To ensure fairness, all GED Testing Centers must adhere to the uniform testing standards specified by the American Council on Education, including adherence to the provisions of the Americans with Disabilities Act of 1990 or the Canadian Charter of Rights and Freedoms.
Local policies determine whether students must take all five tests in one day. Some locations divide the tests among two or more days, and testing days are not always consecutive.
The "Language Arts: Writing" test portion is divided into two parts, of which the first covers sentence structure, organization, usage, and mechanics. Test-takers read text from business, informational, and instructional publications and then correct, revise, or improve the text according to Edited American English standards (or equivalent standards in Spanish and French versions). Test-takers have 75 minutes to complete the 50 items in Part I.
This part of the "Language Arts: Writing" test requires the student to write an essay on an assigned topic in 45 minutes. Persons who finish Part I early may apply the remaining time to their essays. A passing essay must have well focused main points, clear organization, and specific development of ideas, and demonstrate the writer's control of sentence structure, punctuation, grammar, word choice, and spelling. There is no minimum word count. The essay should be long enough to develop the topic adequately. Assigned topics are always an opinion or perspective that does not require special knowledge, such as the influence of violent music on teenagers or the advantages and disadvantages of living without children. Essays need not be true or based in reality as long as they are developed around the assigned topic.
This test covers American history, world history, civics and government, economics, and geography; 70 minutes are allotted for the 50 questions.
In the social studies test, test-takers read short passages and answer multiple-choice questions. Some passages come from such documents as the Declaration of Independence and U.S. Supreme Court decisions. Many questions use graphs, charts, and other images, such as editorial cartoons, along with or instead of written passages.
Questions involving civics and government and economics rely heavily on practical documents, such as tax forms, voter-registration forms, and workplace and personal budgets. Topics such as global warming and environmental law also are covered.
This 80-minute test of 50 multiple-choice questions covers life science, earth and space science, and physical science. It measures the candidate's skill in understanding, interpreting, and applying science concepts to visual and written text from academic and workplace contexts. The test focuses on what a scientifically literate person must know, understand, and be able to do. Questions address the National Science Education Content Standards and focus on environmental and health topics (recycling, heredity, and pollution, for example) and science's relevance to everyday life. Students should expect to see tables, graphs, charts, and diagrams, as well as complete sentences.
Most questions on the "Science" test involve a graphic, such as a map, graph, chart, or diagram. Subjects covered include photosynthesis, weather and climate, geology, magnetism, energy, and cell division.
This 65-minute, 40-question test examines a test-taker's ability to read and understand texts similar to those encountered in high-school English classrooms. The test has five fiction and two nonfiction passages, each about 300–400 words long. The fiction passages include portions of a play, a poem, and three pieces of prose. The nonfiction passages may come from letters, biographies, newspaper and magazine articles, or such "practical" texts as manuals and forms. Each passage is followed by questions that assess reading comprehension, as well as the test-taker's ability to analyze the text, apply the information given to other situations, and synthesize new ideas from those provided.

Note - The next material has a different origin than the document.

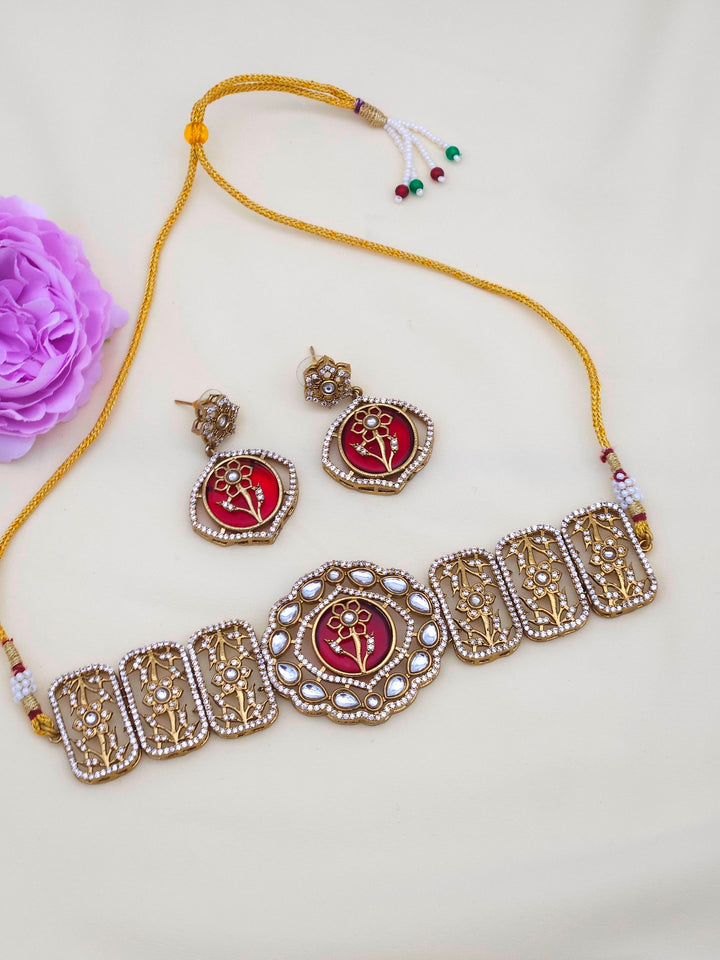 Stylish antique gold plated choker necklace and earrings – premium party wear set for fashionable women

Questions do not require test-takers to be familiar with the larger piece of literature from which the excerpt is taken, the author's other works, literary history, or discipline-specific terms and conventions.
This 90-minute, 50-question test has two equally weighted parts, the first of which allows candidates to use calculators, while the second forbids their use. Test-takers must use the calculators issued at the testing center, no other.
Forty of the 50 are multiple-choice; the other 10 use an alternate format, requiring the test-taker to record answers on either a numerical or coordinate-plane grid. Both portions of the test have questions of both types. The test booklet offers a page of common formulas as well as directions for completing the alternate-format items and using the calculator.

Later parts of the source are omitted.